**Exercise instructions**:
Would you copy the lines below exactly and omit the images?

Data for the task START

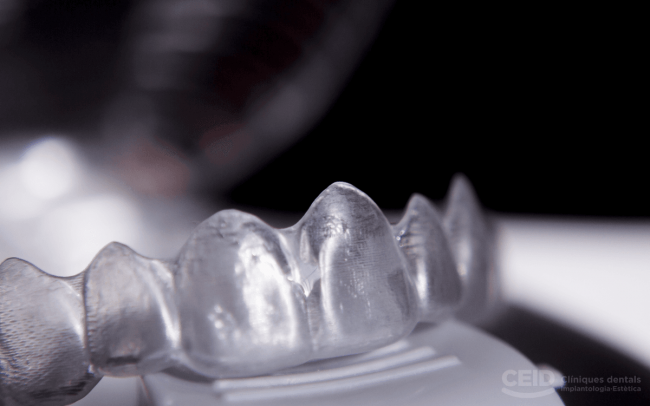 Maloclusiones con Ortodoncia Invisible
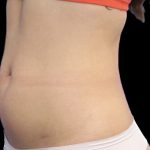 Liposuction Before & After Patient #602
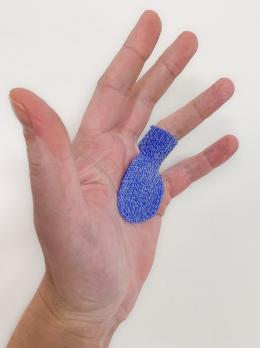 Triggerfinger: conservatief of operatief behandelen? (VI)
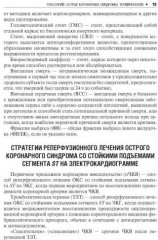 Острый коронарный синдром. Руководство - Фото 3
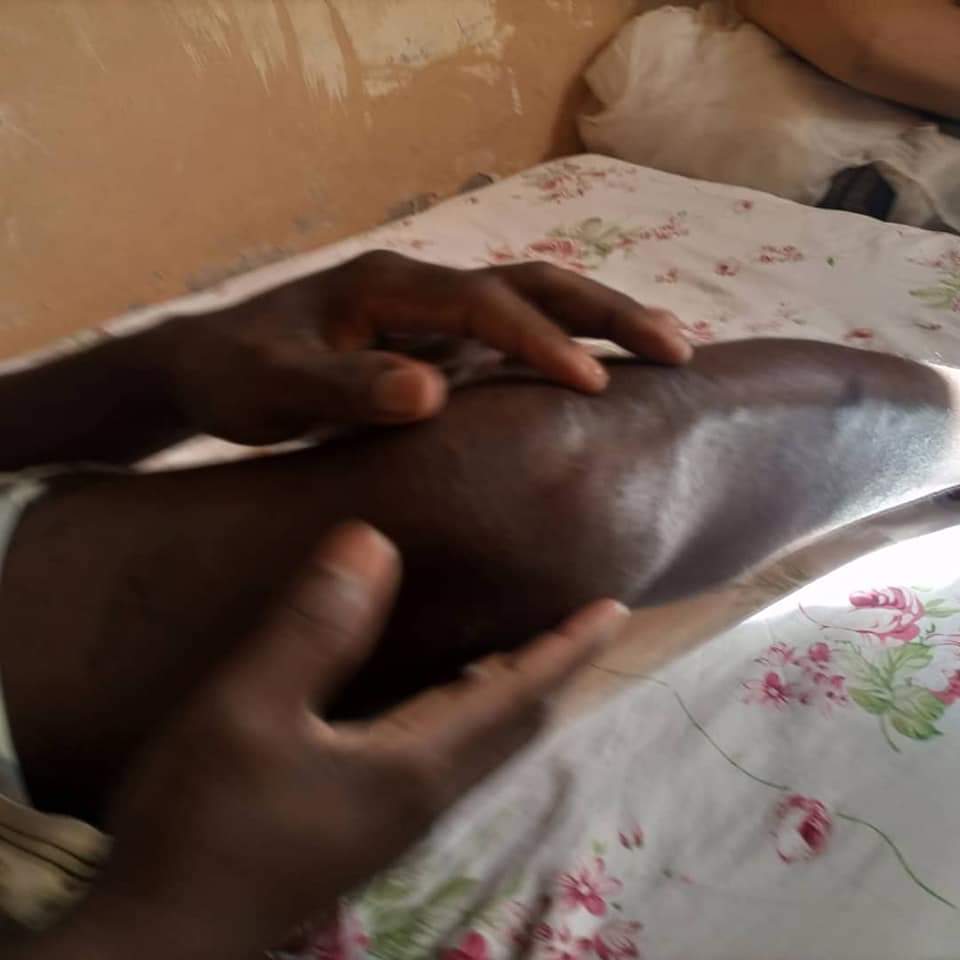 Wakiso_Yaffe's tweet photo. Matovu Denis 21yrs and Sonko Richard 25yrs were abducted on 8/12/2020.Were placed in water and stayed for a month. Soldiers used to cut their bodies, burning manhood. Were tortured for 8months.
2 Nights back they were dumped. 350+ @HEBobiwine 's supporters are still missing.😭 https://t.co/zViya2h1je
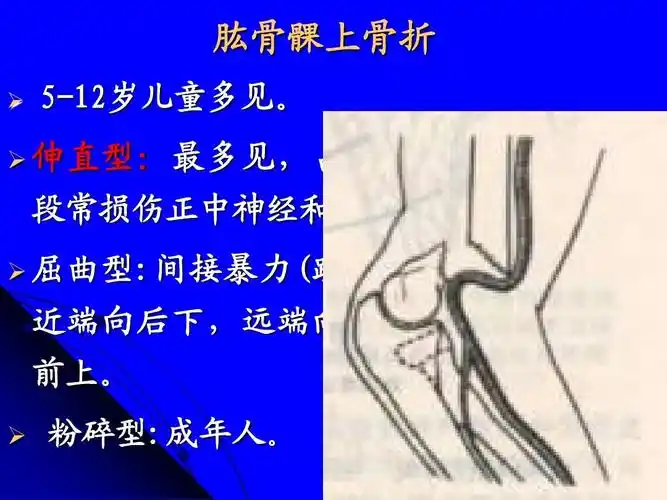 无忧文档 所有分类 自然科学 化学 第二节 四肢骨折ppt 肱骨髁上骨折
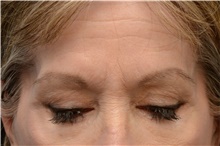Brow Lift Before Photo by Carlos Rivera-Serrano, MD; Miami Beach, FL - Case 43670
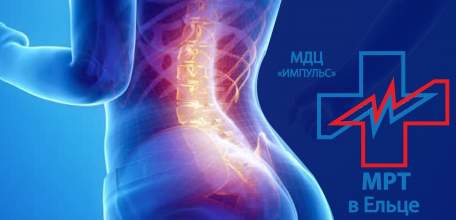 Акция в ДЦ «Импульс»: с 10 по 14 сентября МРТ пояснично-крестцового отдела позвоночника 2200 руб.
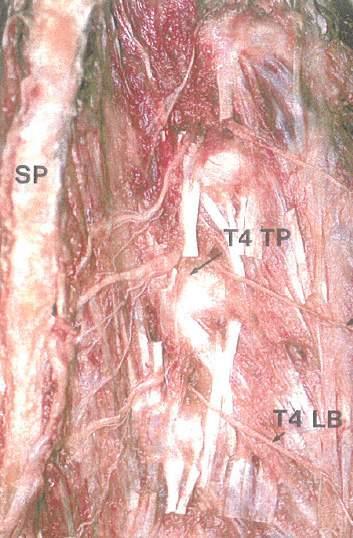 T1-T4 Medial Branches Spinous Process T2 Medial Branch Cadaver dissections show that the T1-T4 medial branches cross the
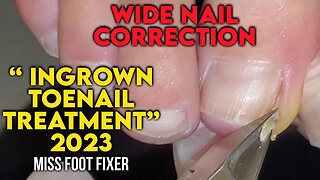 Wide Nail Correction 2023 | Treatment of a Ingrown Toenail by foot specialist miss foot fixer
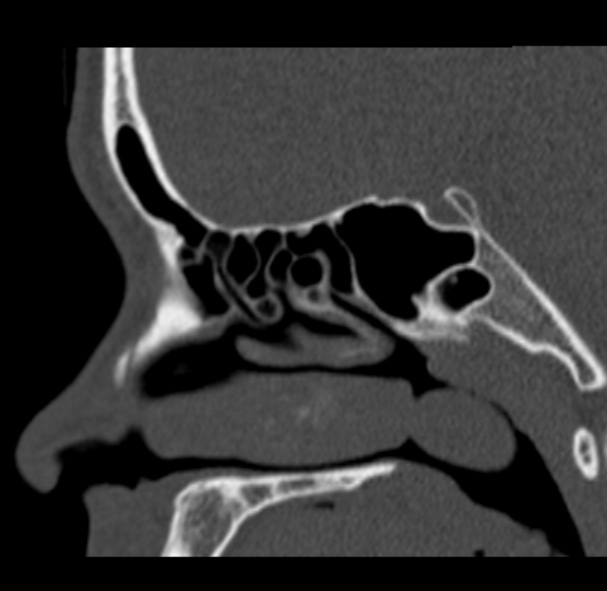 Antrochoanal polyp (Radiopaedia 33984-35202 Sagittal bone window 47).jpg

Data for the task END

**Answer to this problem**:
 Maloclusiones con Ortodoncia Invisible
 Liposuction Before & After Patient #602
 Triggerfinger: conservatief of operatief behandelen? (VI)
 Острый коронарный синдром. Руководство - Фото 3
 Wakiso_Yaffe's tweet photo. Matovu Denis 21yrs and Sonko Richard 25yrs were abducted on 8/12/2020.Were placed in water and stayed for a month. Soldiers used to cut their bodies, burning manhood. Were tortured for 8months.
2 Nights back they were dumped. 350+ @HEBobiwine 's supporters are still missing.😭 https://t.co/zViya2h1je
 无忧文档 所有分类 自然科学 化学 第二节 四肢骨折ppt 肱骨髁上骨折
Brow Lift Before Photo by Carlos Rivera-Serrano, MD; Miami Beach, FL - Case 43670
 Акция в ДЦ «Импульс»: с 10 по 14 сентября МРТ пояснично-крестцового отдела позвоночника 2200 руб.
 T1-T4 Medial Branches Spinous Process T2 Medial Branch Cadaver dissections show that the T1-T4 medial branches cross the
 Wide Nail Correction 2023 | Treatment of a Ingrown Toenail by foot specialist miss foot fixer
 Antrochoanal polyp (Radiopaedia 33984-35202 Sagittal bone window 47).jpg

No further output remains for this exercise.